### The Question to be Answered

Before we decide on which test to use, we need to be clear of what we want to solve. Is it:

* To validate whether the population mean is correct
* To compare the difference between 2 groups of data to see whether the difference is statistically significant
* To validate whether there’s a relationship between 2 categorical variables

#### Null and Alternative Hypothesis
Next, you will be deciding on the hypothesis based on your test objective. A null hypothesis (H0) proposes that no significant difference exists in a set of given observations, and an alternative hypothesis (H1) proposes otherwise.

For rejecting a null hypothesis, a test statistic is calculated. This test-statistic is then compared with a critical value. 

The critical values are the boundaries of the critical region.
* If the test statistic > critical value, the null hypothesis is rejected.
* If the test statistic ≤ critical value, the null hypothesis is accepted.

P-Value

Other than test statistic, P-value is another important result to look at. P-value is the level of marginal significance within a statistical hypothesis test, representing the probability of the occurrence of a given event.

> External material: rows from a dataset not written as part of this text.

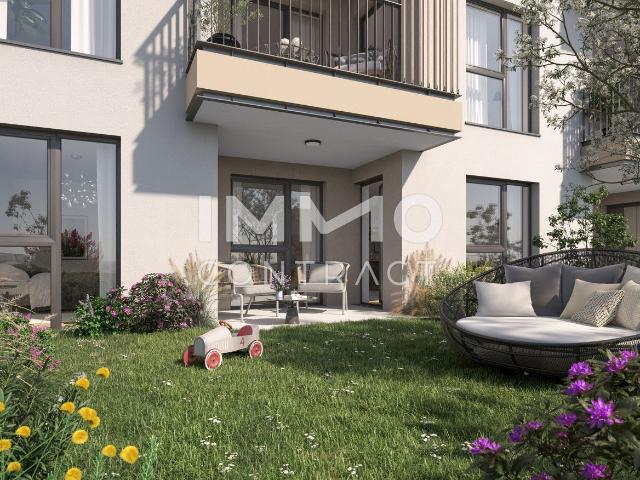 Etagenwohnung mieten in Ober-Grafendorf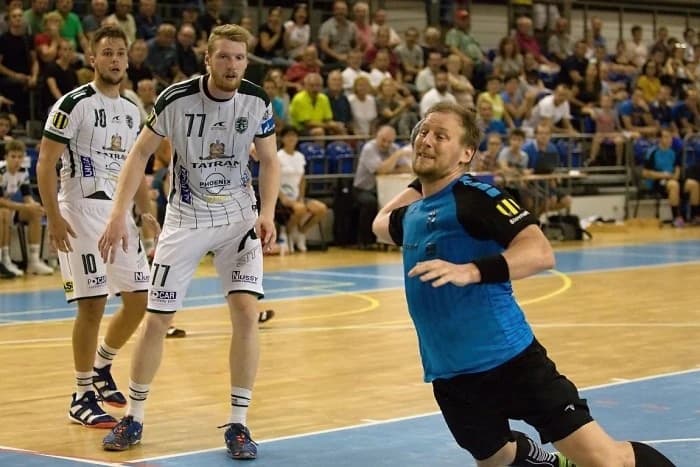 Medzi sedmičkami: Boj o slovenského diváka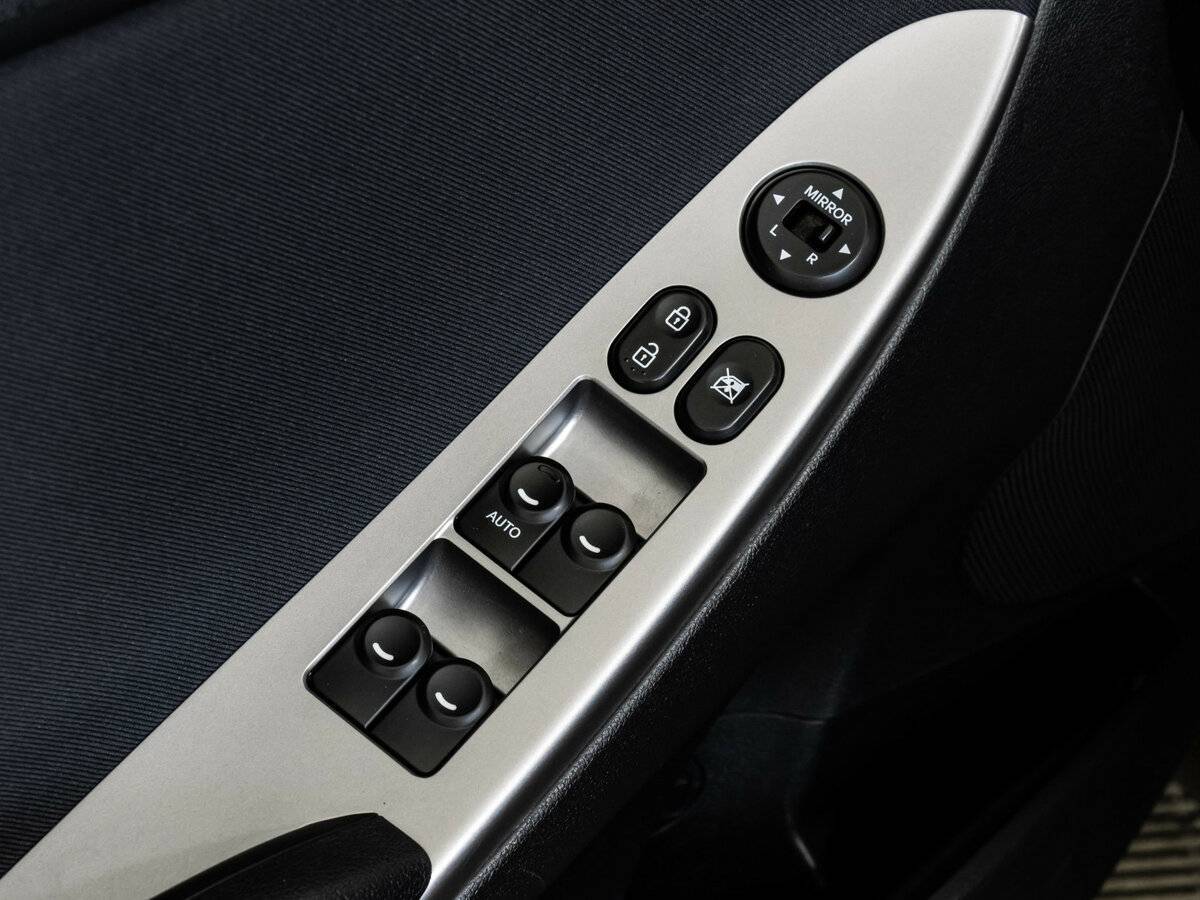 Купить Hyundai Solaris, 2016, 115 245 км, фото №14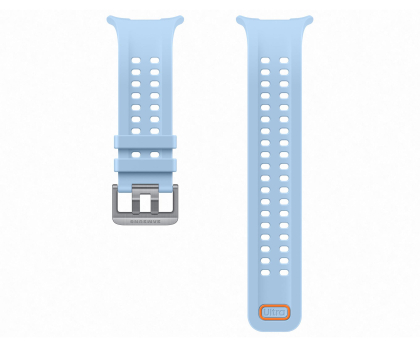 Pasek i akcesoria do zegarków Samsung Pasek Marine do Watch V2 niebieski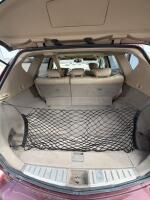 2005 NISSAN MURANO - AWD! - 13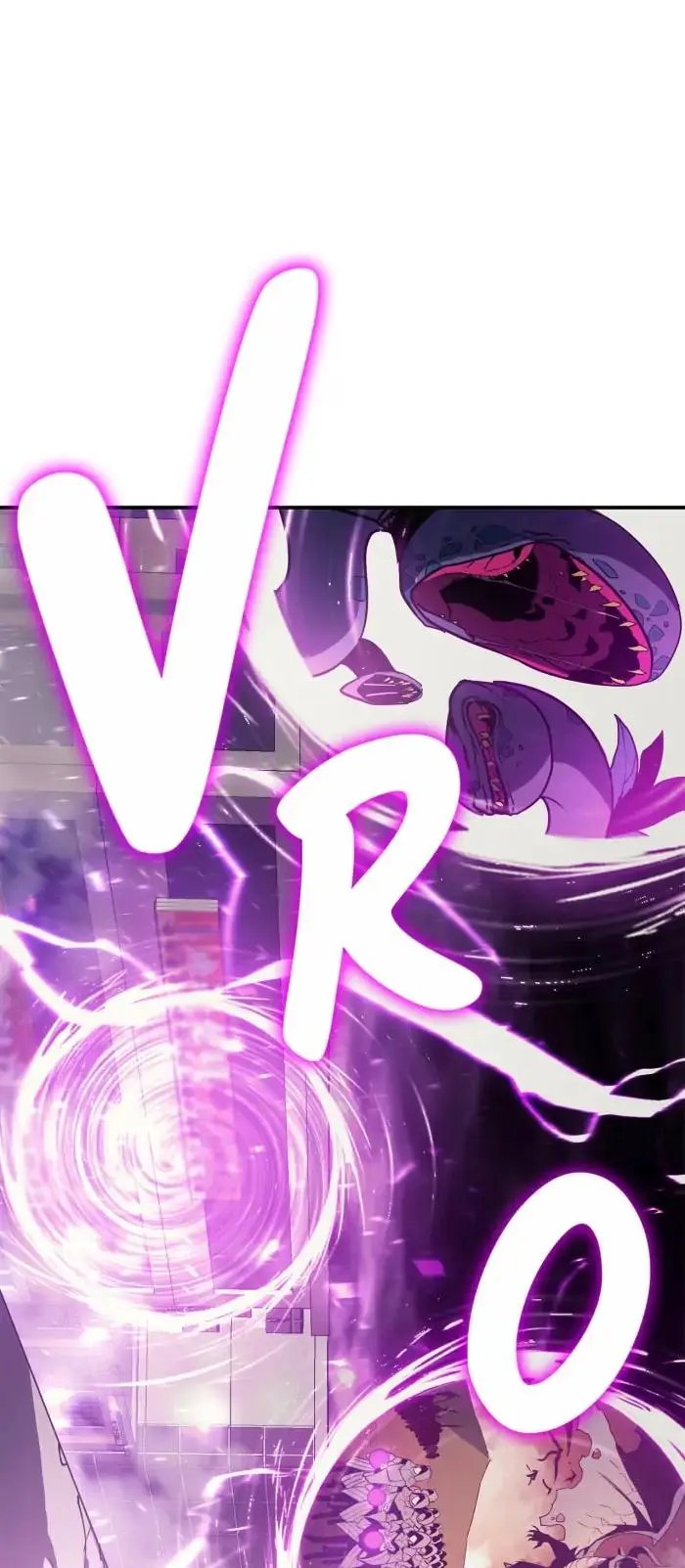 The Return of the Disaster-Class Hero Chapter 33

Therefore, a P-value that is less than 0.05, indicates strong evidence against the null hypothesis, so you reject the null hypothesis.
The lower a P-value, the stronger the evidence.


As a conclusion, the larger the absolute value of the test statistic, the smaller the p-value, and the greater the evidence against the null hypothesis.


[Seeing Theory](https://seeing-theory.brown.edu/basic-probability/index.html#section1)

In [None]:
import os
import glob
import pandas as pd
import numpy as np
import filenames
import missingno as msno
import matplotlib.pyplot as plt

pd.set_option('display.max_rows', 500, 'display.max_columns', 500,
              'display.width', 1000)

### Data

use glob to get all the csv files in the raw data folder.

In [None]:
profile_files = filenames.profile_folder_path.glob(os.path.join("*.csv"))

profile_appended_data = []
# loop over the list of csv files
for f in profile_files:
    data = pd.read_csv(f)
    profile_appended_data.append(data)
#profile_appended_data

df = pd.concat(profile_appended_data)
df.reset_index(drop=True, inplace=True)

#### Drop duplicate userid

In [None]:
df = df.drop_duplicates(subset=['userid'], keep='last').reset_index(drop=True)

#### Create Label for Followers

In [None]:
import csv
fpath = filenames.followers_path
follower = []
with open(fpath, newline='') as f:
    for i in csv.reader(f):
        follower.append(i[0])

In [None]:
len(follower)

In [None]:
df['is_follower'] = df['username'].isin(follower).astype(int)

### Test About One Categorical Variable - Z test

#### Sample Question: 
Is there a difference in the number of folowers and non-followers in the population?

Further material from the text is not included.